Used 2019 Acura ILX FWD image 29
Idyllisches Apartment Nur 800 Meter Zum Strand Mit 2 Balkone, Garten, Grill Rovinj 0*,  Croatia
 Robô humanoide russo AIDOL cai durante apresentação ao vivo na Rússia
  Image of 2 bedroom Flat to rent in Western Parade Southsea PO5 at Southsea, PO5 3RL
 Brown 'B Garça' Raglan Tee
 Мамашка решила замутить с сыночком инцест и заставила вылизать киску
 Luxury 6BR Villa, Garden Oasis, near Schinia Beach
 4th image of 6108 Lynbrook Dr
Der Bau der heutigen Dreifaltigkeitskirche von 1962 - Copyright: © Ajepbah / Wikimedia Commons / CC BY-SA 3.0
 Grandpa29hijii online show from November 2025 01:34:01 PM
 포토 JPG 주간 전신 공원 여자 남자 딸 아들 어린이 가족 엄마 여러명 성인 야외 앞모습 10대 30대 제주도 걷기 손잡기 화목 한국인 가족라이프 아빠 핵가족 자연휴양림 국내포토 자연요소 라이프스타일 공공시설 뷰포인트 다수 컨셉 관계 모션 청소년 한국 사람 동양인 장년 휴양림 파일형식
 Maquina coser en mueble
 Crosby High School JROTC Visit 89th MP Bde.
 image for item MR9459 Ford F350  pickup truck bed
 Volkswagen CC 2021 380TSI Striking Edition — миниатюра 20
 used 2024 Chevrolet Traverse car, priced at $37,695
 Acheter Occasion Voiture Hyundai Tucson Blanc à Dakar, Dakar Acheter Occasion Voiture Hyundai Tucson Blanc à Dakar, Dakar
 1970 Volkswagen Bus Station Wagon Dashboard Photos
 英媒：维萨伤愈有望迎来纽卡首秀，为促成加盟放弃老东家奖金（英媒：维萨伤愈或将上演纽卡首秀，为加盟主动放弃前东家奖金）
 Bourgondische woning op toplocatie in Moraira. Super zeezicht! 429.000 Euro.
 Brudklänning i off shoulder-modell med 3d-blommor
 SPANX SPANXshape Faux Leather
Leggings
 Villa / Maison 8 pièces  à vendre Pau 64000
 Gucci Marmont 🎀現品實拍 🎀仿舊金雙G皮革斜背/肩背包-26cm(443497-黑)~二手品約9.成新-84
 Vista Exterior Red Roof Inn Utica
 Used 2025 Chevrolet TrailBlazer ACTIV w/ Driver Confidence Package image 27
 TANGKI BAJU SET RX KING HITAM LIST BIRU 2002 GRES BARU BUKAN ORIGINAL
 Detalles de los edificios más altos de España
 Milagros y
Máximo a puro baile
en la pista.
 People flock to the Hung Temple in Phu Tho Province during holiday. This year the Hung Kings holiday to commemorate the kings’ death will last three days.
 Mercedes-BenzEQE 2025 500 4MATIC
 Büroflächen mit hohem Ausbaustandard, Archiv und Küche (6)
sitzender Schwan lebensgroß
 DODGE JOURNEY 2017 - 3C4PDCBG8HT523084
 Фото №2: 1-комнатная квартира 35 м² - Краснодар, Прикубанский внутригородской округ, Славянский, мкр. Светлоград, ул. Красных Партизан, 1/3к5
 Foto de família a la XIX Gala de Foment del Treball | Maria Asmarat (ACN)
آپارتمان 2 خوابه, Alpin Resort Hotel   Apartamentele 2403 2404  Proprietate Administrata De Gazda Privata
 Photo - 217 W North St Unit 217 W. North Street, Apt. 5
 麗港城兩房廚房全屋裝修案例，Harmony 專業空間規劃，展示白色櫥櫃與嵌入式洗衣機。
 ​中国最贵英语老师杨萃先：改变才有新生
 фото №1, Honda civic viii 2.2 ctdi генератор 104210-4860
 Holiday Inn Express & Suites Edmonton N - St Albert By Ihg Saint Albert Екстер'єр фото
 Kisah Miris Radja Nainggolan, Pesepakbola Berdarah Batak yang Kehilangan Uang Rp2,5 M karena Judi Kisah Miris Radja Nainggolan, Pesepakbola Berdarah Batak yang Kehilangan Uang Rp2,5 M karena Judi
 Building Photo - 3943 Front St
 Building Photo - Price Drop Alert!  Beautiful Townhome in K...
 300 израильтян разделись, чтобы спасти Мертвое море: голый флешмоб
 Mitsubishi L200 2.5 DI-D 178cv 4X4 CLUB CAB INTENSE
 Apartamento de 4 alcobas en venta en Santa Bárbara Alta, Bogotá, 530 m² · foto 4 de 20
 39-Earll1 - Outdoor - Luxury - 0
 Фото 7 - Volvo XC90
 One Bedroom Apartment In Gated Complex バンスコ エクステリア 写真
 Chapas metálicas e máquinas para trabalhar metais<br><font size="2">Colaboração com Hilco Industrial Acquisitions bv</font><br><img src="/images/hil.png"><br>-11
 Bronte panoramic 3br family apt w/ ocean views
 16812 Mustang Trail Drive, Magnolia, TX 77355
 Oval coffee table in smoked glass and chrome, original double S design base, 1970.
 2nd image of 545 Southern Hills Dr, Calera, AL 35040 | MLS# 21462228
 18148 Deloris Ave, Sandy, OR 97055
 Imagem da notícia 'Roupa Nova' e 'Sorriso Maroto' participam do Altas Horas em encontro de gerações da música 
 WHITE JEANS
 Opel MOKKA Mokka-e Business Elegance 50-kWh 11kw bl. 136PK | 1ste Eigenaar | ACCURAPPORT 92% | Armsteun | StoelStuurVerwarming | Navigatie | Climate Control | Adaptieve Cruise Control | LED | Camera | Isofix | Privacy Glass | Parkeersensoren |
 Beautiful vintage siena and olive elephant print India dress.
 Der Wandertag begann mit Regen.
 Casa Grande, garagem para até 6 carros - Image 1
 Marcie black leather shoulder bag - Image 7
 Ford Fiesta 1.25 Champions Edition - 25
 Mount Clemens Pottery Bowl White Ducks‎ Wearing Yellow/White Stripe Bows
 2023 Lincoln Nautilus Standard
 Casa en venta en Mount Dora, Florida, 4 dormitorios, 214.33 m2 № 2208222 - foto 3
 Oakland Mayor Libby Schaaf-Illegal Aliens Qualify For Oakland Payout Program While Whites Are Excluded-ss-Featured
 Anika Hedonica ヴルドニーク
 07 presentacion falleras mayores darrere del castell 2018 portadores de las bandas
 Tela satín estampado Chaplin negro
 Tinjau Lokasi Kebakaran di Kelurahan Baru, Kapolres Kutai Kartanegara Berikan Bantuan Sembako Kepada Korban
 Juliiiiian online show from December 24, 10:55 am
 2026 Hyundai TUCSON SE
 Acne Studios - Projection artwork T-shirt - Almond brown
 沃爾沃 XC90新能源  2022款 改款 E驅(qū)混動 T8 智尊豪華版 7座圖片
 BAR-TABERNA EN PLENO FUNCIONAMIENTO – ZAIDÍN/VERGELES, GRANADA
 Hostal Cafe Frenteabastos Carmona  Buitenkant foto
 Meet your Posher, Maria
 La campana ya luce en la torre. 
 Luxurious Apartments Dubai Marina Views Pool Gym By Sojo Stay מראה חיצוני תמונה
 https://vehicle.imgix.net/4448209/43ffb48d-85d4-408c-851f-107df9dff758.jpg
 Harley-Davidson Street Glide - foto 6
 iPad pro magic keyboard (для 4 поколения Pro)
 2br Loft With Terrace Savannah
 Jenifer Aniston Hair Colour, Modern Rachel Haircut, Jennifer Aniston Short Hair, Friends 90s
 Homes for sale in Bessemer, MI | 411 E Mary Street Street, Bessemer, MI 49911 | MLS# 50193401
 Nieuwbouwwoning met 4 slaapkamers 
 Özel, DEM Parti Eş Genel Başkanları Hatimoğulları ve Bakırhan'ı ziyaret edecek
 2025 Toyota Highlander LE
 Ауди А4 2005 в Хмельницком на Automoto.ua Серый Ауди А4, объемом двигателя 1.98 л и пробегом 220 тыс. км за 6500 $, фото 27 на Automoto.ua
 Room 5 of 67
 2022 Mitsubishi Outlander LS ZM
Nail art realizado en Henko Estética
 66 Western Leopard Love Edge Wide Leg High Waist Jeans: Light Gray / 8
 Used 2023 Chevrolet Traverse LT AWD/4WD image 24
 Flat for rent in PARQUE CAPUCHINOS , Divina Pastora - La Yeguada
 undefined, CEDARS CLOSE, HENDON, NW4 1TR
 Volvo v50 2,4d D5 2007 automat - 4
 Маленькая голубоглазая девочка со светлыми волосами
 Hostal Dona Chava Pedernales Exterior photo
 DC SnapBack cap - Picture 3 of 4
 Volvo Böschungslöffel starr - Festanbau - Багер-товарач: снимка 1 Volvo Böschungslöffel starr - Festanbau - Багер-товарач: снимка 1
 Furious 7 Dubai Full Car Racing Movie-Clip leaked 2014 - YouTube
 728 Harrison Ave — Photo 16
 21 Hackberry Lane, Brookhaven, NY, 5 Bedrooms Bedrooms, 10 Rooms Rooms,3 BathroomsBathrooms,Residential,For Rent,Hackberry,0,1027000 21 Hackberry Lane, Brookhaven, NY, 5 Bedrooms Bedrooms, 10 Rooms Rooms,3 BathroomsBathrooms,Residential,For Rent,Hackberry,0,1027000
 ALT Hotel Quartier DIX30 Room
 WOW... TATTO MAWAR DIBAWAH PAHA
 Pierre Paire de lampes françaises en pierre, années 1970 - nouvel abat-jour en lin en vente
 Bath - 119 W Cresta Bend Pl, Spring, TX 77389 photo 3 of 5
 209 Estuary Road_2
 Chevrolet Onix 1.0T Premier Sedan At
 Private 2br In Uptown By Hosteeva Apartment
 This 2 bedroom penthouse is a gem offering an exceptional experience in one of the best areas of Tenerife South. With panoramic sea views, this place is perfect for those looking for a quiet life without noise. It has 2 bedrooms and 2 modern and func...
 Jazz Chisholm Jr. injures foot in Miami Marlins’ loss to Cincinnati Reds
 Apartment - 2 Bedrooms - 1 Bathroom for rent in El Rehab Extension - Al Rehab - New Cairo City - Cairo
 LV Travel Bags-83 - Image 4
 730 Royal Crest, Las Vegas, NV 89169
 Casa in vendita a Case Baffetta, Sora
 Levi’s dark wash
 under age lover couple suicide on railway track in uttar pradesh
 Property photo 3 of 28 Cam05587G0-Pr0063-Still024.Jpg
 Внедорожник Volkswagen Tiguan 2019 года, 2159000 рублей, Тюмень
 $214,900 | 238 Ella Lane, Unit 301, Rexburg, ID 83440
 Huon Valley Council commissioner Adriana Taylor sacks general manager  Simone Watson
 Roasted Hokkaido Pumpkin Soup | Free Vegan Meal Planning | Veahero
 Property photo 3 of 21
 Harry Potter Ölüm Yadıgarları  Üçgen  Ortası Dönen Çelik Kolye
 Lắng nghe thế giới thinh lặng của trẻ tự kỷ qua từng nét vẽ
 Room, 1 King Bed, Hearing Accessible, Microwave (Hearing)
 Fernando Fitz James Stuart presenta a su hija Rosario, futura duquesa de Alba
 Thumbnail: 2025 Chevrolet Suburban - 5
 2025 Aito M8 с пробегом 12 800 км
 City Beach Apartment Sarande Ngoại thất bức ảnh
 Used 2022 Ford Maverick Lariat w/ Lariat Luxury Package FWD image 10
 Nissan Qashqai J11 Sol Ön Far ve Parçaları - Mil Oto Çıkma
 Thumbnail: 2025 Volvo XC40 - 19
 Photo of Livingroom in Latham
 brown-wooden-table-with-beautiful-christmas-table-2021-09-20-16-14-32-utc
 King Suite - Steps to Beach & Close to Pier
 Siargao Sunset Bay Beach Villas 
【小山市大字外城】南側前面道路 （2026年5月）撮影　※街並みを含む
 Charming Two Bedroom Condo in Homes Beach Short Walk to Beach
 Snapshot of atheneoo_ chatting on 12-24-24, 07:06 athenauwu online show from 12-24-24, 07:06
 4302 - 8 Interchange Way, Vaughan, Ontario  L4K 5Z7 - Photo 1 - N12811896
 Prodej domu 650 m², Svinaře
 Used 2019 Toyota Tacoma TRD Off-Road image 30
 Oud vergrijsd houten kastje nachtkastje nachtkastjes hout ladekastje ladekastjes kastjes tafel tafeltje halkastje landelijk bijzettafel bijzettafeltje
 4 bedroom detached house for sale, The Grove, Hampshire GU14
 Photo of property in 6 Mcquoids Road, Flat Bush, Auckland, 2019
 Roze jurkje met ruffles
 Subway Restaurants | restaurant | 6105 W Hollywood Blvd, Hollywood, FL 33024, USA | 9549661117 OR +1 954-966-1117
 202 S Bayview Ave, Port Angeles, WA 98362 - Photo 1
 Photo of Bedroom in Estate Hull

+===+

Your instructions:
Count the lines in the material containing the string "Lane", and state the number with nothing added.

Reply:
2